In this instalment, Alan details practical ways a rider can utilise pre-event nerves…
How can a cyclist tackle or utilise pre-event nerves?
Pre-event nerves can be a vital part of any preparation. Adrenaline and endorphins begin to kick in and it can be a great way to feel ready for your event. However if these pre-event nerves aren’t kept in check they can creep up to become more of a hindrance than a help.
Imagine an arousal scale between 0 to 10 where 0 is sleep and 10 is blind panic. As you prepare for your event your arousal level rises. At about 6 on the scale you find yourself focused, motivated and physically ready. This could be considered the zone state. Any less than 6 and you don’t put in the effort required to perform at your best while anything above 6 and you begin to lose focus and your mind is jumping all over the place as you begin to feel less in control and more anxious.
So the question becomes, how can I get to 6 and stay there?
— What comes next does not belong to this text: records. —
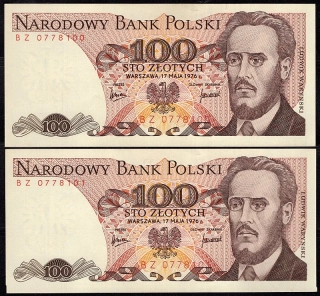 100 Zlotých 1976 , Séria BZ (čísla po sebe)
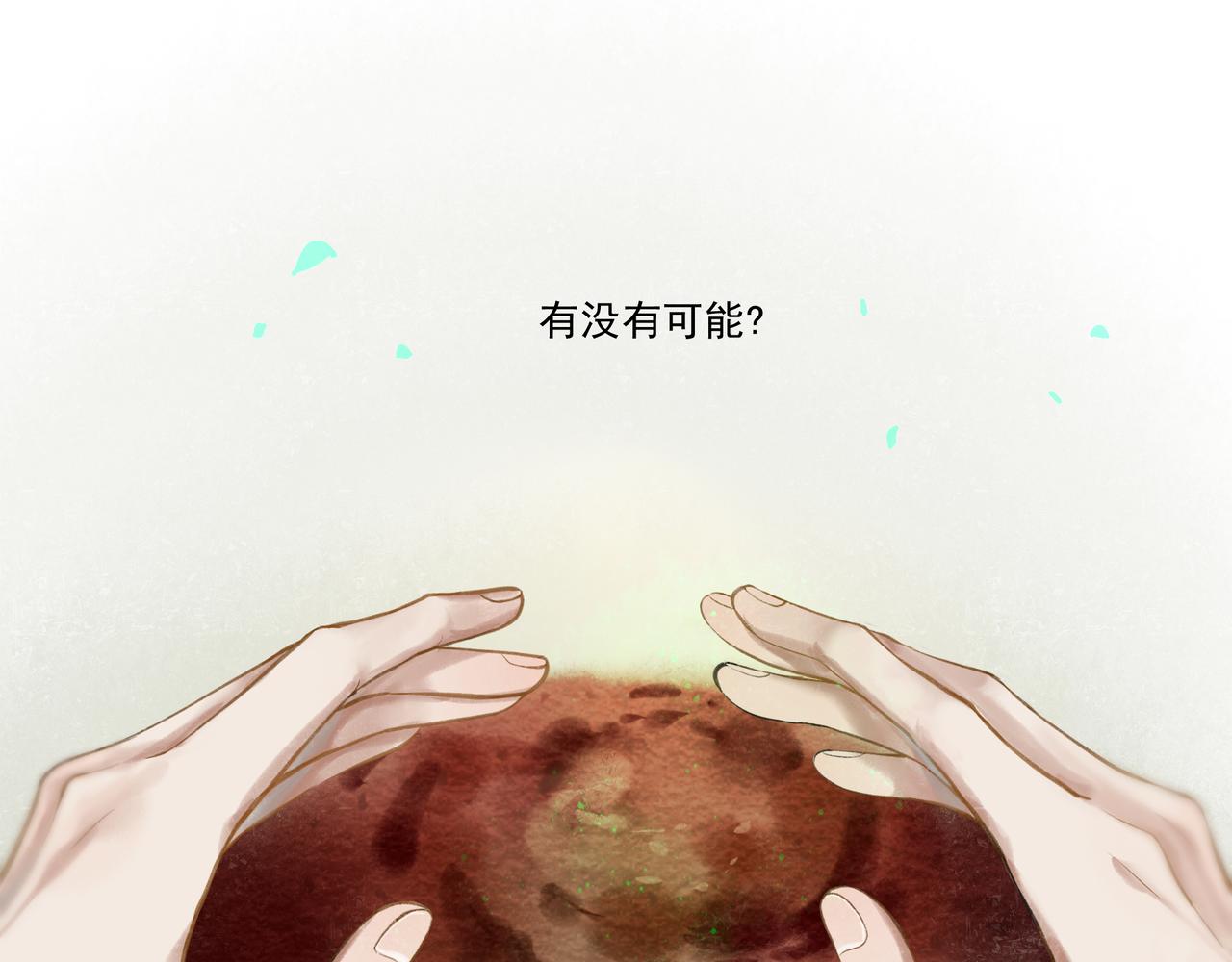 32.良禽择木70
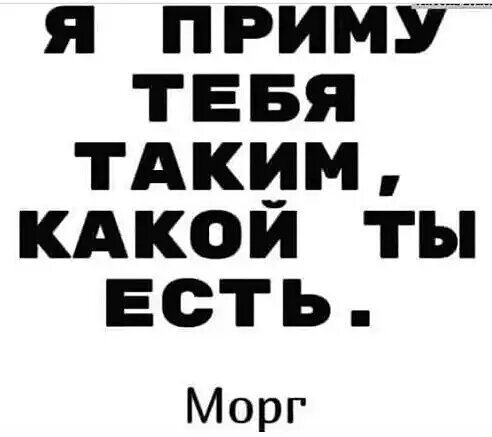 Источник: соцсети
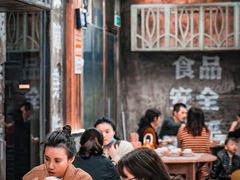 大堂-老三样·旧食新味(万寿宫店)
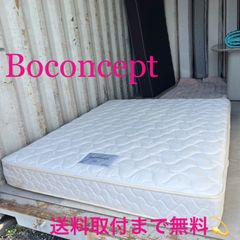 取付無料！カンディハウス クォード 右アーム北欧風ナチュラルファブリックソファ✨ 取付無料！カンディハウス クォード 右アーム北欧風ナチュラル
Here is what you need to do if you feel you’re slipping too high up the scale:
- If you feel like you have butterflies in the tummy take a moment to imagine that you can make them fly in formation. Now you have control!
- Take control of your breathing by consciously taking in a breath and breathing out slowly. Some cyclists find it useful to imagine they are breathing in blue energized air while breathing out red tension.
- Muscles become tense when we are anxious so take control by using progressive relaxation. First tense up your legs, take in a deep breath and as you breathe out relax the muscles in your legs. Do the same for your upper body, tense shoulders arms and make two fists. Take a deep breath and then release the tension.
- To stop the negative chatter that can begin to happen with pre-race nerves use positive self talk – “I am Strong” “ I am fast.”
- Spend some time before your race to visualise what you want to do in the race. See yourself moving up the bunch, climbing easily up the hill or sprinting to the line.